After a restart it would sync for about an hour and then i start getting Connection Refused errors on the Master.
it has progressed to the point where both node and master say "nosync" on them selves
and "ERROR: 500 Can't connect to 127.0.0.1:50000 (connect: Connection refused)" on the relevant counter part.

I have to constantly restart ssh and apache2 to gain any form of access to the web gui or shell on the master,
yet on the node everything is running fine.

proxmox2:/dev# pveversion -verbose
pve-manager: 1.9-24 (pve-manager/1.9/6542)
running kernel: 2.6.35-1-pve
proxmox-ve-2.6.35: 1.8-11
pve-kernel-2.6.32-4-pve: 2.6.32-33
pve-kernel-2.6.35-1-pve: 2.6.35-11
qemu-server: 1.1-32
pve-firmware: 1.0-14
libpve-storage-perl: 1.0-19
vncterm: 0.9-2
vzctl: 3.0.29-2pve1
vzdump: 1.2-16
vzprocps: 2.0.11-2
vzquota: 3.0.11-1
pve-qemu-kvm: 0.14.1-1
ksm-control-daemon: 1.0-6

The storages i use :

2 iscsi luns and 3 NFS shares on 2 QNAP NAS/iscsi devices.

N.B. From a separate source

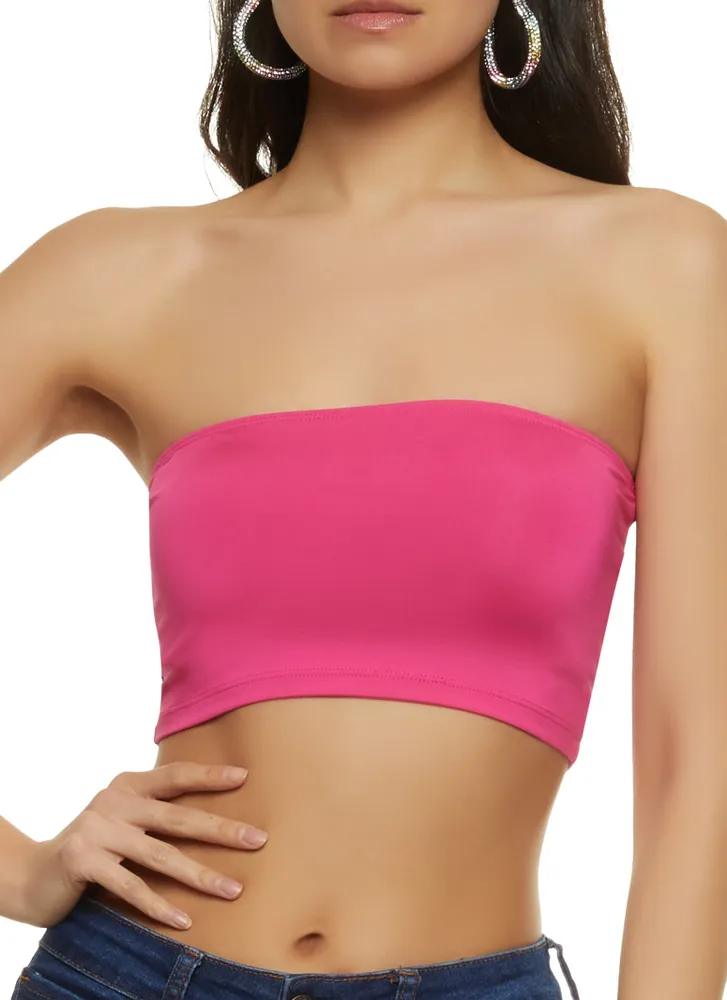 Womens Solid Spandex Tube Top, Pink, Size M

i have tried searching all over the show for a thread that can help but with no luck.
My problem is that i still have VMs on the master that i need.

Can i delete :

/etc/pve/cluster.cfg
/root/.ssh/known_hosts

on both and recreate the cluster without losing my vms ? (this seems to be the more popular solution)

Thanks
 
Ok, so i have managed to (with alot of persistence) migrate the VMs on the Master over to the node.

Would it be better to try and remove the the node from the cluster with pveca -d or to remove the files and redo the cluster ?

thanks,
 
I suggest you think of upgrading to latest version (currently 2.1). 1.x series is outdated.
 
Hi Tom,

Yes ideally i would like to upgrade to 2.1, my issue at the moment is space. i do know that i can use the update script without having to backup and retore all my VMs.
is there any thing i can check on the current issue aside from upgrading ?

Thanks,
 
check if all your storages are online (e.g. a ll your nfs servers)